Поговорим об импровизации в группе... Прежде всего надо уметь видеть банальности, распознавать появляющиеся клише. Банальности могут возникнуть и в работе над импровизацией, они могут проступить и в работе над формами и структурами. Вот несколько примеров клише групповой импровизации: изображать "одичание"; имитировать транс; преувеличенно работать руками, изображая процессию, несущую кого-то над собой; также изображать "козла отпущения" и его гонителей[1]; утешать жертву; изображать простодушие, смешанное, впрочем, с безответственностью, и, наконец, предлагать на обозрение зрителю свои собственные штампы обыденного социального поведения в качестве поведения естественного (так называемая будничная манера вести себя, скажем, в бистро). Итак, чтобы достичь импровизации, которая чего-нибудь да стоит, нужно начать с устранения и этих, и множества других банальностей. Советую также избегать конвульсий, не надо колотить ногами по полу, валиться на землю и ползать по ней без необходимости, не надо изображать чудовищ. Не практикуйте этого, не советую! Вот тогда-то, возможно, и обнаружатся некоторые стоящие вещи. Обнаружится, например, что контакт невозможен, если мы не умеем отказываться от контакта. Это проблема узнавания: сближения и не-сближения.

В современном обществе, в особенности – западном, люди настолько надоели друг другу, что мечтают о каком-то естественном, искреннем знакомстве с другими людьми. Но на самом деле они ни на какое такое естественное знакомство не способны; они способны только навязываться другим. Представьте себе, например, что два человека разыгрывают импровизацию, а третий в это время возьмет и прицепится: он ведь непременно все разрушит. Это – поведение бульдога с его реакциями: раз уж вцепится, то больше не может разомкнуть челюсти и отвязаться. Вот он, ваш контакт, вот оно, ваше знакомство. Поэтому, если вы ищете знакомства, если вы хотите узнавания и сближения, то начать надо с не-знакомства, не-узнавания. То есть я больше не ищу контакта с тобой; я скорее ищу другое – как использовать наше общее пространство таким образом, чтобы каждый мог действовать в нем отдельно и самостоятельно, не терзая других. Но, предположим, мы стали действовать, не терзая друг друга; тогда, если мы оба начнем петь, это не должно привести к дисгармонии.
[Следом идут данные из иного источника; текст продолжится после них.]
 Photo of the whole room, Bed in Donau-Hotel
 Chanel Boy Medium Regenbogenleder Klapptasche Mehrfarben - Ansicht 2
Если стараться избежать дисгармонии, то, значит, когда я пою, я должен тебя обязательно слышать, я должен деликатным образом гармонизировать свою мелодию с твоей. Однако не только тебя должен я слышать и не только с тобой и с твоей мелодией должен гармонизировать свою мелодию, потому что там, снаружи – далеко за пределами нашего места работы – в небе проносится реактивный самолет. И вот оказывается, что ты с твоей песней, с твоей мелодией не одинок, ты вообще не один в мире: таков факт, и этот факт – в небе. Шум от реактивного мотора – в небе. Ты поешь так, как если бы там ничего не было? Но тогда можно сказать, что ты вовсе не сгармонизировал себя с миром. Ты должен найти звуковое равновесие с реактивным самолетом и сохранять его, невзирая на особенность твоей мелодии.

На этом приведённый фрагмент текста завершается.